健康維持のために町のスポーツジムに通い始めて1年半。元々ろくに運動もしていなかったのに40代半ばにして突然筋トレを始めたものだから、通い始めてしばらくの後、膝を痛めてしまったという恥ずかしい経験談を前回このコーナーで紹介した。
膝の痛みはその後も一向に治まらず、階段の登り降りや長時間の歩行に支障を来していた。整形外科で改めて検査をしたところ、わずかではあるが半月板を損傷していたことが判明。損傷部分を切除しないと根本的な痛みは無くならないとのことだったので、手術することを即決。多少の不安はあったが、むしろ「どんな手術なのか経験してみたい」という好奇心が勝った。
手術は膝に2カ所穴を開け、一方から関節鏡(カメラ)を挿入しモニター画面で手術する部位を確認しながら、もう一方の穴から挿入した器具(ドリル)で損傷部分(ささくれのようなもの)を削り取るというもの。局部麻酔を使用するとのことで「怖っ」と思いつつ、痛くないのなら「観察したい」と強がる気持ちも…。だが、点滴で麻酔を打たれ、徐々に視界が上下に回転し始め、次に気付いたのは手術も終わり、看護師に声をかけられた時だった。とっさに「何時間眠っていたんですか」と尋ねると、「20分程ですよ」とあっさり…。まんまと眠らされてしまい(そのための麻酔だが…)よかったような悔しいような…。膝はガーゼとテープで完全に保護され、中身を窺い知ることはできない。上体を起こすとふらつき、平衡感覚が麻痺している。松葉杖をついて電車を乗り継いで帰るつもりだったが、到底無理であることを悟り、事前に医者から言われていたとおりタクシーで帰ることにした。

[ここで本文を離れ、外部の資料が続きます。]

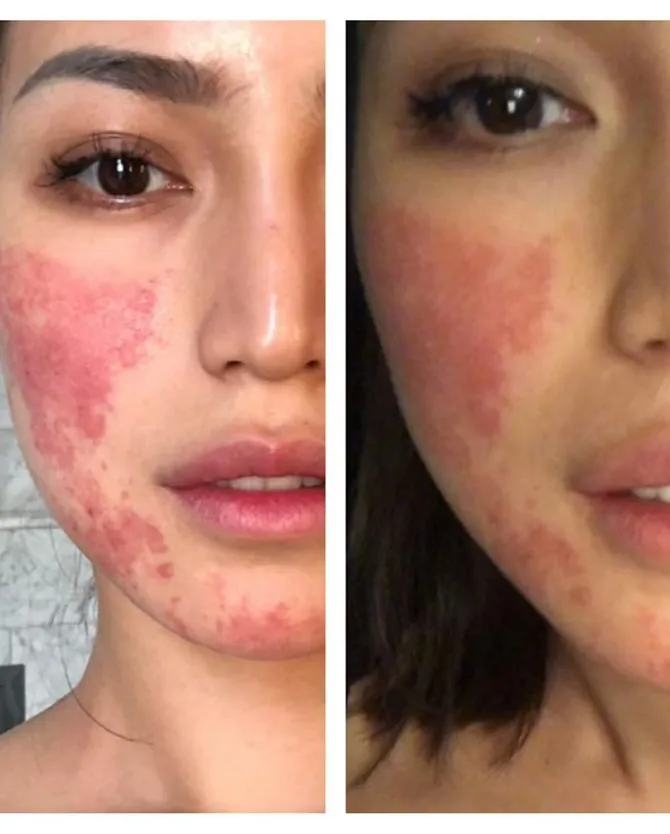 Jessica Iskandar © instagram.com/inijedar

その後数日間、膝は内出血で赤から紫に変色し、膝から下は乳幼児の足のようにむくんだ。痛みは薬で抑えられたが、油断して歩くとその後の回復に支障するとのことで、1週間は松葉杖で膝をかばいながらの生活となった。
あれから半年が経った。半月板損傷に伴う痛みは完全に無くなったが、加齢により上下の膝関節が狭まっていることで生じる痛みは今も時々顔をのぞかせる。これには膝への負担を軽減するために、大腿四頭筋を鍛え続けるしかない。つまり整形外科のリハビリに通うか、自宅やジムで筋トレをするか。同じように続けるなら、ジムで自発的に身体を動かすほうがいい。そのようなわけで週に2度のジム通いは、今では膝のリハビリだけでなく、基礎体力の向上や地域住民との交流など様々な恩恵をもたらし、すっかり習慣化している。